◆ SUPPLIED RECORDS:
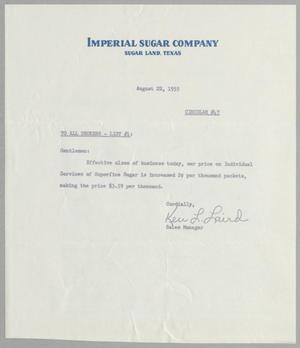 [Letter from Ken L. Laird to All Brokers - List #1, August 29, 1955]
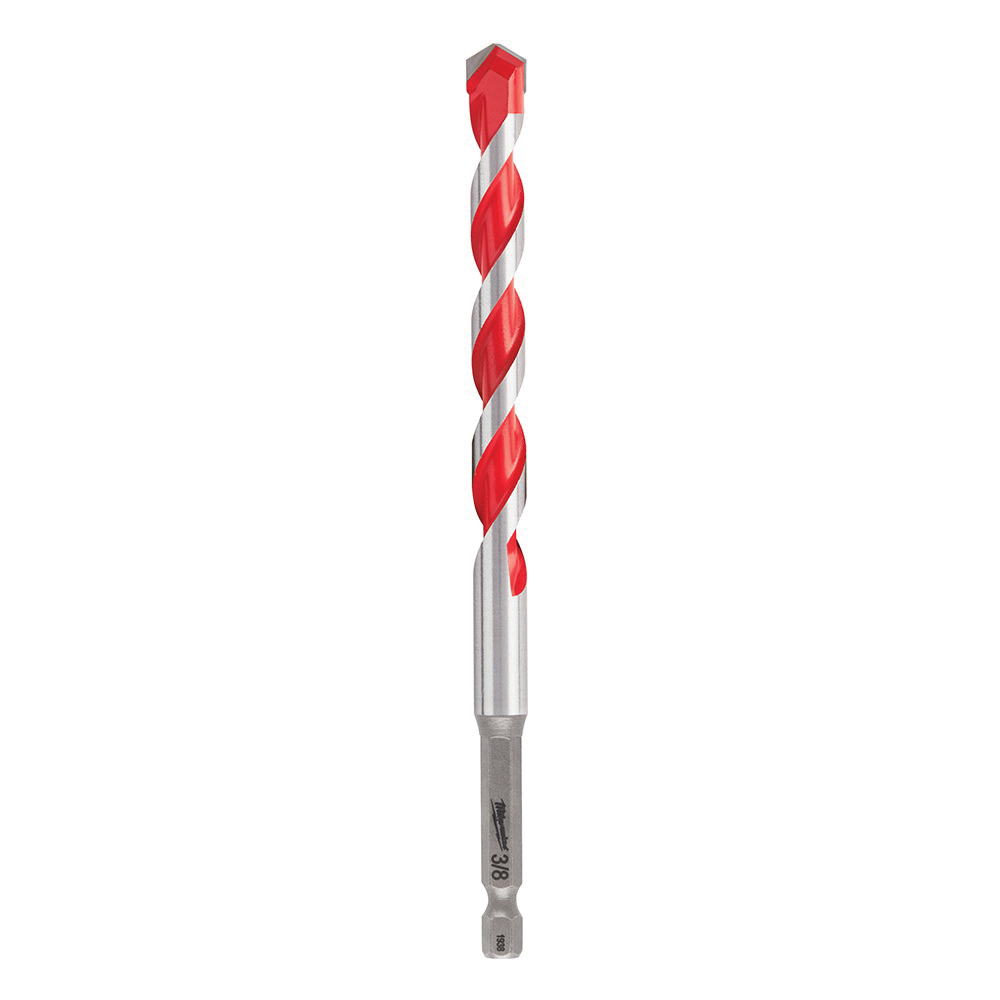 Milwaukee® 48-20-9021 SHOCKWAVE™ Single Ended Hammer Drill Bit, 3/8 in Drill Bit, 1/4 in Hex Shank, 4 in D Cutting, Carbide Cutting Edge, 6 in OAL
--
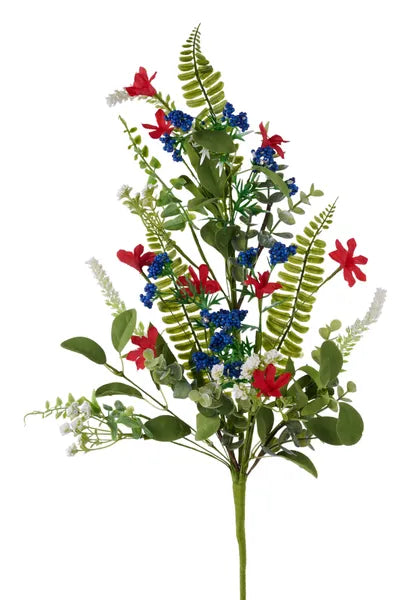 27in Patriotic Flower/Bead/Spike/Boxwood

◆ REQUIRED ACTION:
In the data above, find the line containing "[Letter from Ken" and the line containing "Milwaukee® 48-20-9021 SHOCKWAVE™". Copy exactly the stretch from the first through the second, both included, leaving out any picture.

◆ RESPONSE:
 [Letter from Ken L. Laird to All Brokers - List #1, August 29, 1955]
 Milwaukee® 48-20-9021 SHOCKWAVE™ Single Ended Hammer Drill Bit, 3/8 in Drill Bit, 1/4 in Hex Shank, 4 in D Cutting, Carbide Cutting Edge, 6 in OAL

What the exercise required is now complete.